In [155]: x = as_strided(data, shape=(3, 10), strides=(0, 8))
In [156]: x
Out[156]:
array([[0, 1, 2, 3, 4, 5, 6, 7, 8, 9],
[0, 1, 2, 3, 4, 5, 6, 7, 8, 9],
[0, 1, 2, 3, 4, 5, 6, 7, 8, 9]])
In [157]: data
Out[157]: array([0, 1, 2, 3, 4, 5, 6, 7, 8, 9])
In [158]: data[0] = 100
In [159]: data
Out[159]: array([100, 1, 2, 3, 4, 5, 6, 7, 8, 9])
In [160]: x
Out[160]:
array([[100, 1, 2, 3, 4, 5, 6, 7, 8, 9],
[100, 1, 2, 3, 4, 5, 6, 7, 8, 9],
[100, 1, 2, 3, 4, 5, 6, 7, 8, 9]])
- Use
as_strided
to write a function that takes a 1-d array and returns a 2-D array with three columns, where each row is a length-3 slice of the input array.
In [168]: data
Out[168]: array([0, 1, 2, 3, 4, 5, 6, 7, 8, 9])

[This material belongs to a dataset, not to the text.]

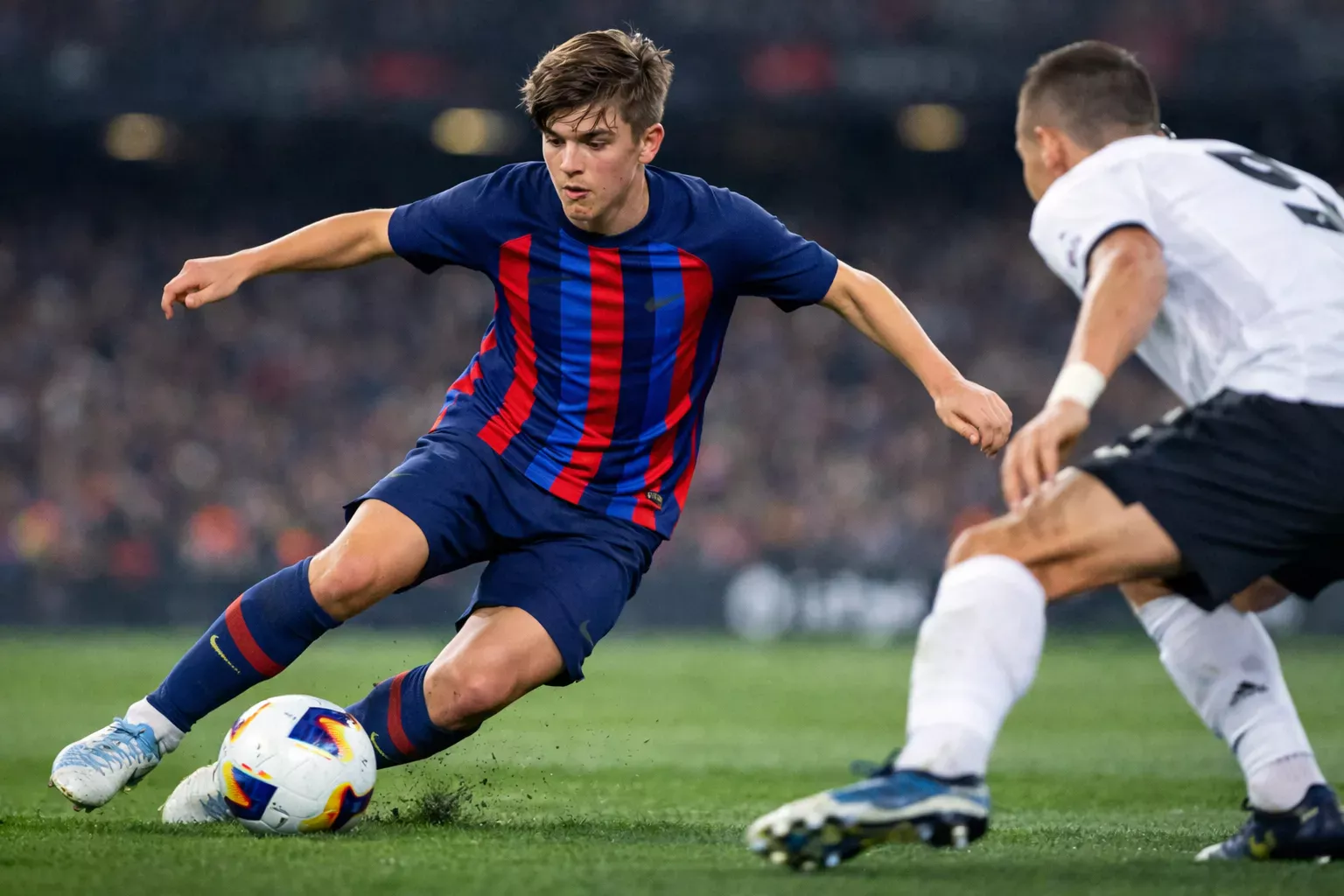 Joven jugador del Barcelona regateando con el balón en un partido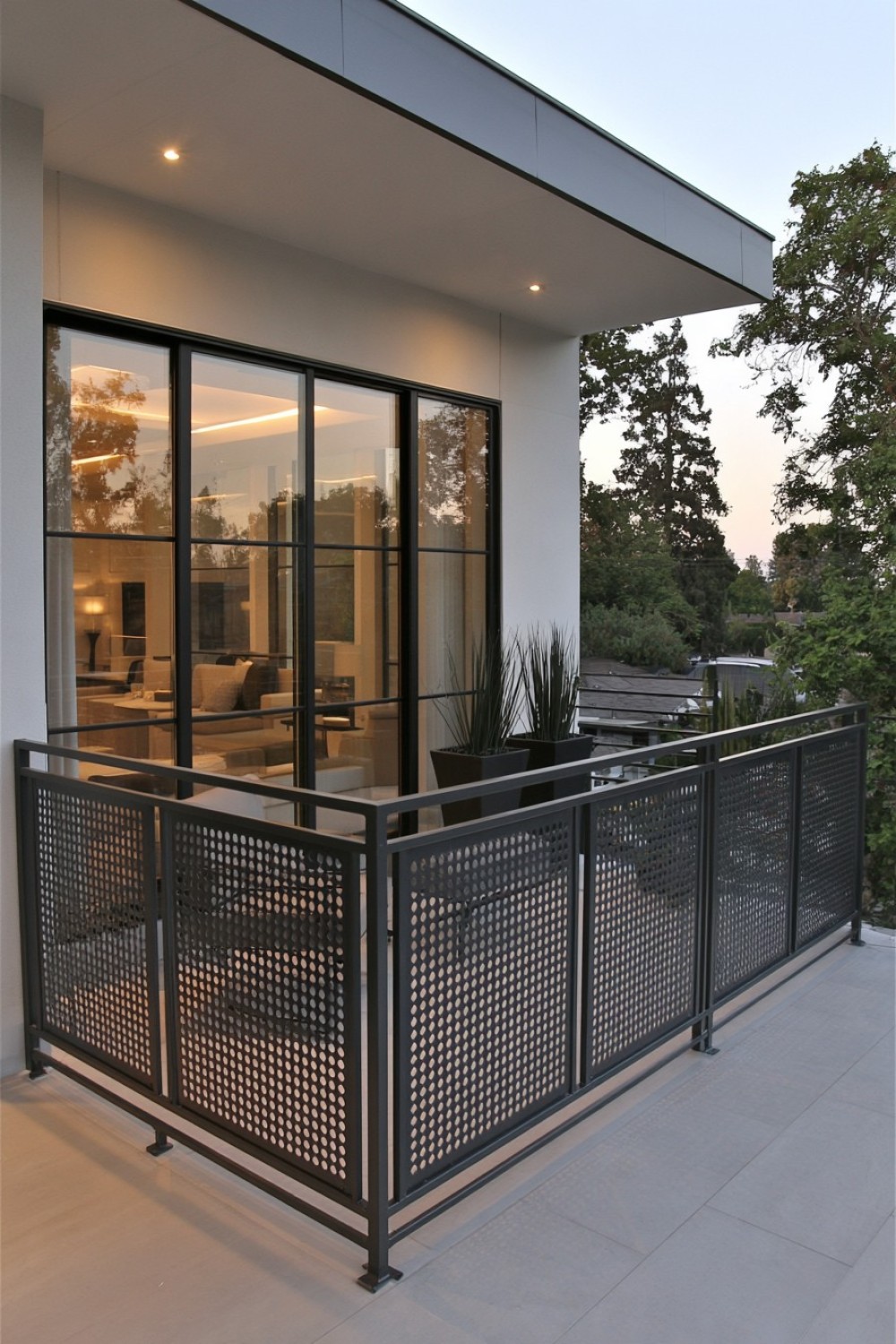 Perforated metal balcony railing providing filtered privacy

In [169]: as_strided(data, (8, 3), (8, 8))
Out[169]:
array([[0, 1, 2],
[1, 2, 3],
[2, 3, 4],
[3, 4, 5],
[4, 5, 6],
[5, 6, 7],
[6, 7, 8],
[7, 8, 9]])
Key Takeaways:
-
Numerical algorithms are slow in pure Python because the overhead of dynamic dispatch and interpretation dominates our runtime.
-
Numpy solves these problems by imposing additional restrictions on the contents of arrays and by moving the inner loops of our algorithms into compiled C code.
-
Using Numpy effectively often requires reworking a algorithms to use vectorized operations instead of explicit loops, but the resulting operations are usually simpler, clearer, and (much) faster than the pure Python equivalents.
Next Steps:
-
scipy
implements many algorithms for optimization, signal processing, linear algebra, and other important scientific needs. -
pandas
adds labelled, heterogenous data structures on top of numpy. It also provides efficient I/O routines and implementations of rolling/grouped algorithms. -
matplotlib
provides high-quality plotting routines using numpy arrays as its primary data format. -
scikit-learn
provides machiner learning algorithms using numpy arrays as its primary data format. -
Too many other libraries to discuss.